Description of the task:
Output the entire listing that follows verbatim.

━━ Records for the exercise

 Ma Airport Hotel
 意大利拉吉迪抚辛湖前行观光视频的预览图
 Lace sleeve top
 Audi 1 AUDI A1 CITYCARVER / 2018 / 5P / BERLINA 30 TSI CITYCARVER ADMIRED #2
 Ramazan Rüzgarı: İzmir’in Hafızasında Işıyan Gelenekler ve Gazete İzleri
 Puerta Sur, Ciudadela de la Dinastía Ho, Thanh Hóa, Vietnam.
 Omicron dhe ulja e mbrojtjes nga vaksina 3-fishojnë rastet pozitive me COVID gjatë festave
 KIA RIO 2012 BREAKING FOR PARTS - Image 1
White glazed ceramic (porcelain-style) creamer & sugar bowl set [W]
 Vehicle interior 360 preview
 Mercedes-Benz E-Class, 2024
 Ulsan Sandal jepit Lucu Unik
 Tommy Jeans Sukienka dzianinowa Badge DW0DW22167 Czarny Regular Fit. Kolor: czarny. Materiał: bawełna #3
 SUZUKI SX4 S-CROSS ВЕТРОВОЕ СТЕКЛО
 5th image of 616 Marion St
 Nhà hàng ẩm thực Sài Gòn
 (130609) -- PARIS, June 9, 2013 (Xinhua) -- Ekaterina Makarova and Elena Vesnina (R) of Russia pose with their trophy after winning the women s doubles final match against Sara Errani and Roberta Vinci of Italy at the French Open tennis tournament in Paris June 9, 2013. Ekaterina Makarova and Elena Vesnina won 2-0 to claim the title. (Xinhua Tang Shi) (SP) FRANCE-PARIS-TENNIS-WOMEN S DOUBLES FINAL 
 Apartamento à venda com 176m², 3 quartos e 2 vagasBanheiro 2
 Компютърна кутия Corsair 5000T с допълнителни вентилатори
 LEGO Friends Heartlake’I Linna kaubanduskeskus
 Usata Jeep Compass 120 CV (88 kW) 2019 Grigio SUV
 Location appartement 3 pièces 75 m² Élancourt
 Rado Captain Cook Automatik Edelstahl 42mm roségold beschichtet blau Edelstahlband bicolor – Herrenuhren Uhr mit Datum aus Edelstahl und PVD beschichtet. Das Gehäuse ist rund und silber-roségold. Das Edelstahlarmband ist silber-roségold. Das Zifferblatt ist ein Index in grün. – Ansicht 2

━━━━

Result of this task:
 Ma Airport Hotel
 意大利拉吉迪抚辛湖前行观光视频的预览图
 Lace sleeve top
 Audi 1 AUDI A1 CITYCARVER / 2018 / 5P / BERLINA 30 TSI CITYCARVER ADMIRED #2
 Ramazan Rüzgarı: İzmir’in Hafızasında Işıyan Gelenekler ve Gazete İzleri
 Puerta Sur, Ciudadela de la Dinastía Ho, Thanh Hóa, Vietnam.
 Omicron dhe ulja e mbrojtjes nga vaksina 3-fishojnë rastet pozitive me COVID gjatë festave
 KIA RIO 2012 BREAKING FOR PARTS - Image 1
White glazed ceramic (porcelain-style) creamer & sugar bowl set [W]
 Vehicle interior 360 preview
 Mercedes-Benz E-Class, 2024
 Ulsan Sandal jepit Lucu Unik
 Tommy Jeans Sukienka dzianinowa Badge DW0DW22167 Czarny Regular Fit. Kolor: czarny. Materiał: bawełna #3
 SUZUKI SX4 S-CROSS ВЕТРОВОЕ СТЕКЛО
 5th image of 616 Marion St
 Nhà hàng ẩm thực Sài Gòn
 (130609) -- PARIS, June 9, 2013 (Xinhua) -- Ekaterina Makarova and Elena Vesnina (R) of Russia pose with their trophy after winning the women s doubles final match against Sara Errani and Roberta Vinci of Italy at the French Open tennis tournament in Paris June 9, 2013. Ekaterina Makarova and Elena Vesnina won 2-0 to claim the title. (Xinhua Tang Shi) (SP) FRANCE-PARIS-TENNIS-WOMEN S DOUBLES FINAL 
 Apartamento à venda com 176m², 3 quartos e 2 vagasBanheiro 2
 Компютърна кутия Corsair 5000T с допълнителни вентилатори
 LEGO Friends Heartlake’I Linna kaubanduskeskus
 Usata Jeep Compass 120 CV (88 kW) 2019 Grigio SUV
 Location appartement 3 pièces 75 m² Élancourt
 Rado Captain Cook Automatik Edelstahl 42mm roségold beschichtet blau Edelstahlband bicolor – Herrenuhren Uhr mit Datum aus Edelstahl und PVD beschichtet. Das Gehäuse ist rund und silber-roségold. Das Edelstahlarmband ist silber-roségold. Das Zifferblatt ist ein Index in grün. – Ansicht 2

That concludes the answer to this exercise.